(Beginning of Data shown)

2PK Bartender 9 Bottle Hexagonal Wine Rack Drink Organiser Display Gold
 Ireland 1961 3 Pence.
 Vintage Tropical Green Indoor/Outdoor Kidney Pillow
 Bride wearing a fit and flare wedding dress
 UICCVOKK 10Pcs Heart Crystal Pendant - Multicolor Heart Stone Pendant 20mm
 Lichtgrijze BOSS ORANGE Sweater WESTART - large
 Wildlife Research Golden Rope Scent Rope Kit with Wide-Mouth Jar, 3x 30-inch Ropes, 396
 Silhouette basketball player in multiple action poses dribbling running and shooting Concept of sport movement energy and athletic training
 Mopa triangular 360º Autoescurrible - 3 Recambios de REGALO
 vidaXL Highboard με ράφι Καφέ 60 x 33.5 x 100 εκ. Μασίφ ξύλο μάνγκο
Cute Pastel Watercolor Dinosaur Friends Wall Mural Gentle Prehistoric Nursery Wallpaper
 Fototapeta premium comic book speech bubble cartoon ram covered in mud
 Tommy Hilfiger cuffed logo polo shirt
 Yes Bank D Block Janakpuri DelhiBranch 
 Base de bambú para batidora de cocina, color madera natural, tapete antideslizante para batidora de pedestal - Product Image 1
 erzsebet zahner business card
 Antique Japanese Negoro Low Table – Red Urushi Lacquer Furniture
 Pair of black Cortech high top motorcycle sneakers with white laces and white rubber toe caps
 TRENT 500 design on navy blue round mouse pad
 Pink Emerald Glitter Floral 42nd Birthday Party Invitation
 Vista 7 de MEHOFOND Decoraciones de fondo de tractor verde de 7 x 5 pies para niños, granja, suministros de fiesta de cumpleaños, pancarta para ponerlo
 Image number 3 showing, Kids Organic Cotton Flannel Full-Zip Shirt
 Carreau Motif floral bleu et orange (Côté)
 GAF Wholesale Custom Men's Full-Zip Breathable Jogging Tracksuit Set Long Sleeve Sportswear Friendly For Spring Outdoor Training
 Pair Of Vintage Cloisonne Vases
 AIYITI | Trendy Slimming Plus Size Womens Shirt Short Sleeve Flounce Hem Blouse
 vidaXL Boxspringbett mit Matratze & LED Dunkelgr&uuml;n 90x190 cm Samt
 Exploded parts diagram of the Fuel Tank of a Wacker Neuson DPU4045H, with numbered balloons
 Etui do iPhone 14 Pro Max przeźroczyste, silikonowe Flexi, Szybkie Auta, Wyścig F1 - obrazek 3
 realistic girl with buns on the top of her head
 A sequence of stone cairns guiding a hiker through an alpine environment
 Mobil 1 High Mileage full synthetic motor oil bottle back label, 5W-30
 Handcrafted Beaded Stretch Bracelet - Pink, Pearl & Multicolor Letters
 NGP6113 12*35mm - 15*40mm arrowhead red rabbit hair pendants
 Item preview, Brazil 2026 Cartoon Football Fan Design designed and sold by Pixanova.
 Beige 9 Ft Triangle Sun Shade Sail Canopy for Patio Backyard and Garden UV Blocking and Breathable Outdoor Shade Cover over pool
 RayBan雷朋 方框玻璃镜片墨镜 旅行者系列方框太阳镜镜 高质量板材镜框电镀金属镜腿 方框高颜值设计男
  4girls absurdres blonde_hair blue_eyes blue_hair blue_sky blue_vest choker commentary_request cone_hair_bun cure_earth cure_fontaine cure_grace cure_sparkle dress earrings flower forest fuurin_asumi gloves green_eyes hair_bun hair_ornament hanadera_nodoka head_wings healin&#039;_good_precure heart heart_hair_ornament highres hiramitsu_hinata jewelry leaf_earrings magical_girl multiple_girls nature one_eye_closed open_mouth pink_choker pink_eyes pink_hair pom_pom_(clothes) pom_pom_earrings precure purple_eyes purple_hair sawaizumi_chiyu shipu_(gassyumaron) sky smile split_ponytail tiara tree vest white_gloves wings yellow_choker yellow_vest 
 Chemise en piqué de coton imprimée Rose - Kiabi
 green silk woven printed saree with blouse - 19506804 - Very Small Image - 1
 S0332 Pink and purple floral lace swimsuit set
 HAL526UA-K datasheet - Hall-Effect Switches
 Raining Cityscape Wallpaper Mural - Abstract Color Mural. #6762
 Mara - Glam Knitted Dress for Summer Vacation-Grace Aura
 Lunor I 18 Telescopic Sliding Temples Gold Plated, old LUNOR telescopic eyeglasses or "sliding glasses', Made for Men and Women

(End of Data shown)

▸ **Exercise prompt**
Retype the lines from the one containing "green silk woven" through the last line of the records. Leave out everything else.

▸ **Solution to this exercise**
 green silk woven printed saree with blouse - 19506804 - Very Small Image - 1
 S0332 Pink and purple floral lace swimsuit set
 HAL526UA-K datasheet - Hall-Effect Switches
 Raining Cityscape Wallpaper Mural - Abstract Color Mural. #6762
 Mara - Glam Knitted Dress for Summer Vacation-Grace Aura
 Lunor I 18 Telescopic Sliding Temples Gold Plated, old LUNOR telescopic eyeglasses or "sliding glasses', Made for Men and Women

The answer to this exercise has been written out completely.